26. Behauptung: “Es ist Hochmut, die theologische Tradition der Gemeinde / Kirche mit der Bibel zu prüfen.”

Am weitgehendsten hat sich die katholische Kirche ein Auslegungsmonopol vorbehalten. Nach § 1371, 1° des Codex iuris canonici [CIC] macht sich jeder Gläubige strafbar, der eine vom Papst oder von einem Ökumenischen Konzil verworfene Lehre vertritt oder eine Lehre, gleichgültig ob sie den Status einer endgültigen Entscheidung erlangt hat oder nicht, hartnäckig ablehnt und nach Verwarnung nicht widerruft.

Wenn das gelten soll, dann wird der Papst Herr über den Verstand und das Gewissen der Gläubigen. Wie viel bleibt dann noch von ihrem Recht, “ALLES zu prüfen” (1.Thess 5,2) übrig ? Selbst der Maßstab, an dem man prüfen könnte, nämlich “Barmherzigkeit, Fairness, Verlässlichkeit“, ist nicht mehr vorhanden, da der Papst oder sein Konzil definieren können, wie diese Maßstäbe verstanden werden müssen.

Die Möglichkeit, Gewissheit und seelischen Frieden durch tiefere Einsicht zu bilden, ist daher stark eingeschränkt. Übrig bleiben irrationale Methoden: der Glaube an die Heilswirkung der Sakramente, die nur Priester spenden oder versagen können, was natürlich eine starke seelische Abhängigkeit vom religiösen Machtsystem begünstigt.

Für Gläubige, die sich mit katholischen Lehrsätzen herumquälen, und zugleich glauben, dass “Alles zu prüfen” Sünde sei, gibt es keine Hilfe. “Verflucht ist, wer sich auf Menschen verlässt!” (Jer 17,5) Um klar zu sehen, genügt blinder Glaube an Menschen nicht, man muss das Licht des Verstandes einschalten, der – wie die Bitte des jungen Salomo zeigt (1.Kö 3,11-12) – eine der wichtigsten Gottesgaben ist.
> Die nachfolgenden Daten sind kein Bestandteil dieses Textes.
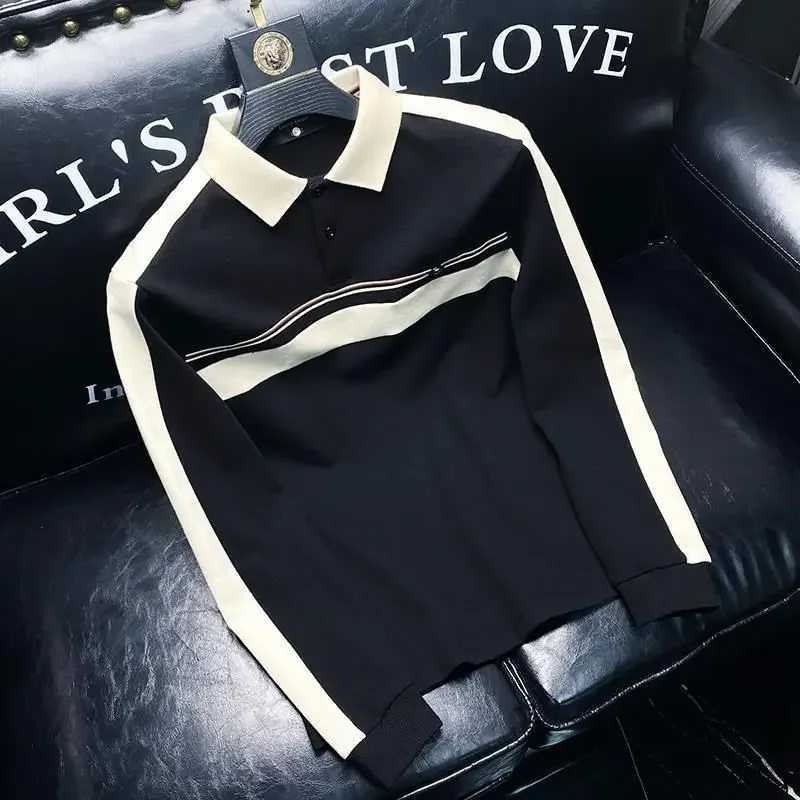 Winter Fashion Trends 2024 Tight Pullovers Slim Fit Polo T Shirt for Men Y2k Normal Aesthetic Harajuku Casual Emo Man SweatshirtX241028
Mit Verstand kann dann in die Kirchengeschichte sehen, um festzustellen, ob Papst und Konzilien niemals geirrt oder widersprochen haben. Man kann sich mit dem aktuellen Missbrauchsskandal befassen und sich fragen, ob das Vertuschen, die Gleichgültigkeit gegenüber Geschädigten, die Gleichgültigkeit gegenüber potentiellen neuen Opfern nicht ein hinreichender Beweis für die Unfähigkeit ist, die Qualitätsmaßstäbe Jesu zu verstehen. Wenn man sie selbst nicht versteht und respektiert, wie kann man dann anderen Gläubigen verbindlich vorschreiben wollen, wie sie zu interpretieren sind ?
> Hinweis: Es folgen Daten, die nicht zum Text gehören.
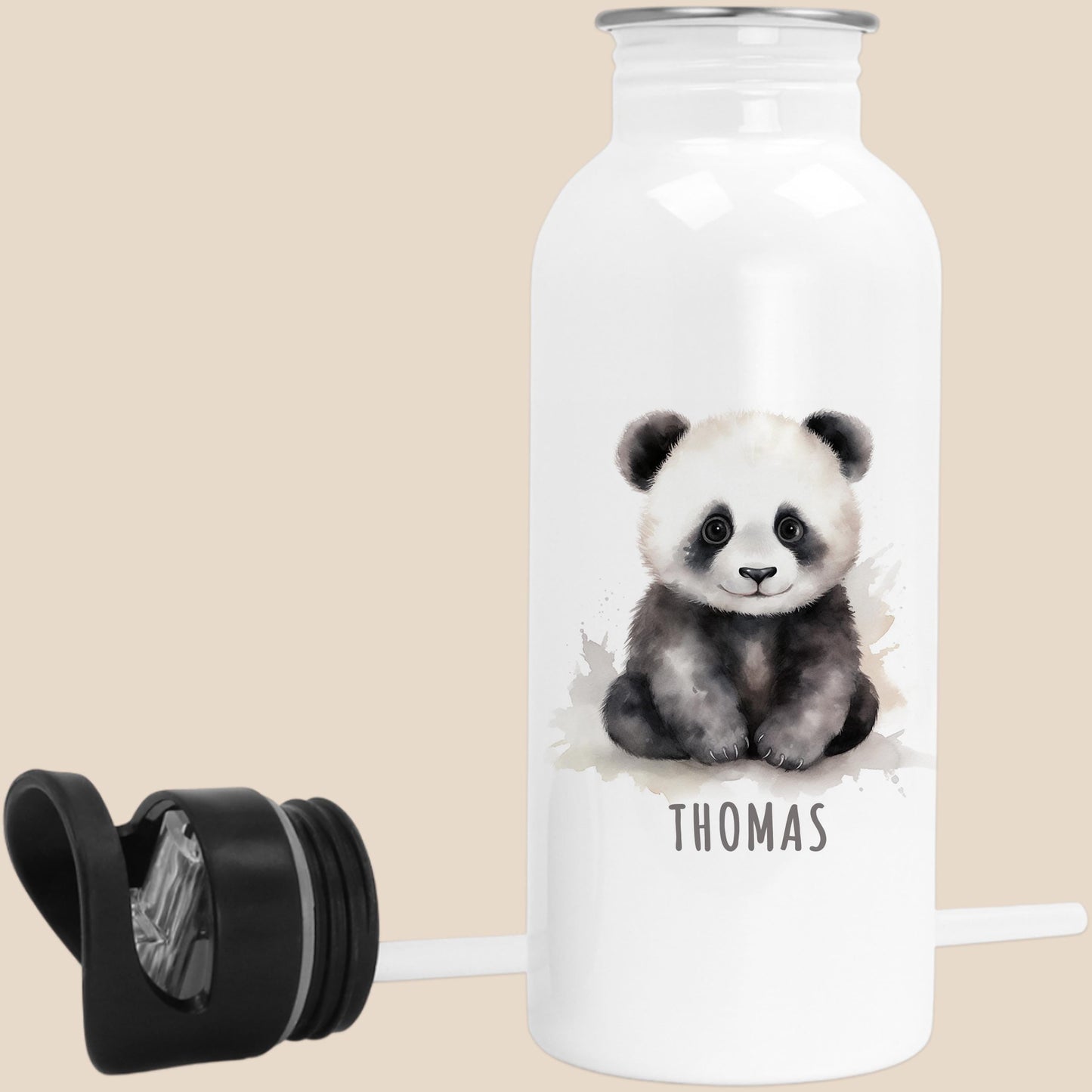 Trinkflasche Kinder personalisiert mit Namen Panda Edelstahl Flasche mit Strohhalm Wasserflasche für Schule Kindergarten 600 ml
Wer den Verstand der Gläubigen derart knebelt und bevormundet, versündigt sich gegen ihre von Gott geschenkte Berufung, dereinst König und Priester zu sein. (Offb 1,6) Wenn in der katholischen Kirche vom “allgemeinen Priestertum aller Gläubigen” gesprochen wird, so ist anderes gemeint – schon gar nicht die Ausübung der exklusiven Rechte geweihter Priester wie Zusprache der Sündenvergebung (Absolution) und Halten des Herrenmahles (Eucharistie). Wer das tut, macht sich nach katholischem Recht strafbar. (CIC 1378,2°-3°) Ist die Verkündung “allgemeinen Priestertums” dann nicht Propaganda, die den allzu offensichtlichen Widerspruch vernebeln soll ?
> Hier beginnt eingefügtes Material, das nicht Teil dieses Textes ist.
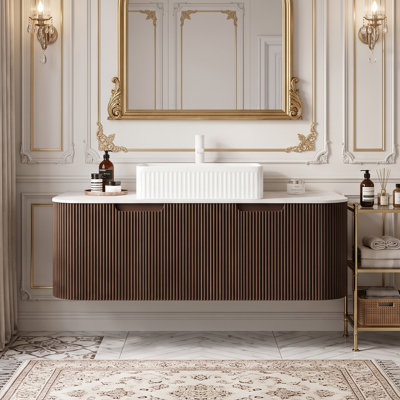 Meuble-lavabo mural simple 48 po avec plateau en marbre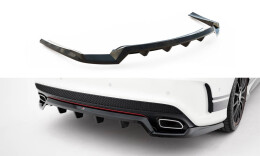 Mittlerer Cup Diffusor Heck Ansatz DTM Look passend für Mercedes-Benz CLA AMG-Line C117 schwarz Hochglanz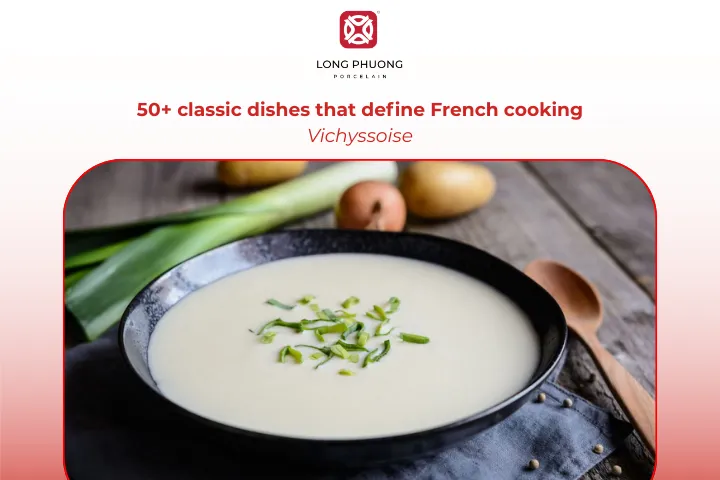 Vichyssoise is a chilled leek and potato soup with a smooth, velvety finish.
Man sollte besser ernstnehmen, was der Apostel Petrus an alle Gläubigen in der Welt in aller Deutlichkeit schrieb: “ihr seid die lebendigen Steine. Erbaut euch miteinander zum Gotteshause und zum heiligen Priestertum, um Gott Opfer zu bringen, die ihm gefallen.” (1.Petr 2,5) Etwas weiter wiederholt er: “ihr seid das auserwählte Geschlecht, das königliche Priestertum, das heilige Volk, berufen dazu, die Herrlichkeit dessen zu verkünden, der euch aus der Finsternis berufen hat in sein Licht.” (1.Petr 2,9).  Das sind keine Phrasen, sondern verbriefte Rechte ! Jeder Gläubige ist zum Priester berufen – durch den Heiligen Geist. Und jeder Gläubige, der sich vom Heiligen Geist leiten lässt, hat die “Einstellung Jesu”, die ihn zu verlässlichem Urteil befähigt. (1.Kor 2,16) Er kann “alles prüfen”  (1.Thess 5,21) und er darf es.

Auch evangelikal-bibeltreue Gemeinden können mit einem “päpstlichem” Autoritätsanspruch auftreten, der den Gläubigen bevormundet und mit den Aussagen der Heiligen Schrift über die Würde des Gläubigen in Widerspruch steht.  Keine Gemeinde ist gegen sektiererische Tendenzen und gefährlichen Irrtum automatisch immun! Viele Dinge des Glaubens sind unsichtbar. Man sieht auch die “Früchte”, die nützlichen oder schädlichen Folgen für die Seele selten sofort. Das führt zweifellos leicht zu Fehleinschätzungen.

Zum Prüfen braucht man Urteilsvermögen und Verstand! Er ist – wie das Beispiel Salomos zeigt (1.Kö 3, 5 ff) – eine der wichtigsten Gottesgaben. Paulus hielt überhaupt nichts davon, dass man sich leichtgläubig wie ein Kind auf das Denken der “Erwachsenen” verlässt. Der Verstand, den Gott gegeben hat, soll angemessen gebraucht werden: “Denkt nicht wie Kinder, liebe Brüder! Im Tun sollt ihr unschuldig wie Kinder sein, aber denken müsst ihr wie erwachsene Menschen!” (1.Kor 14,20) Verständig sein muss geübt werden!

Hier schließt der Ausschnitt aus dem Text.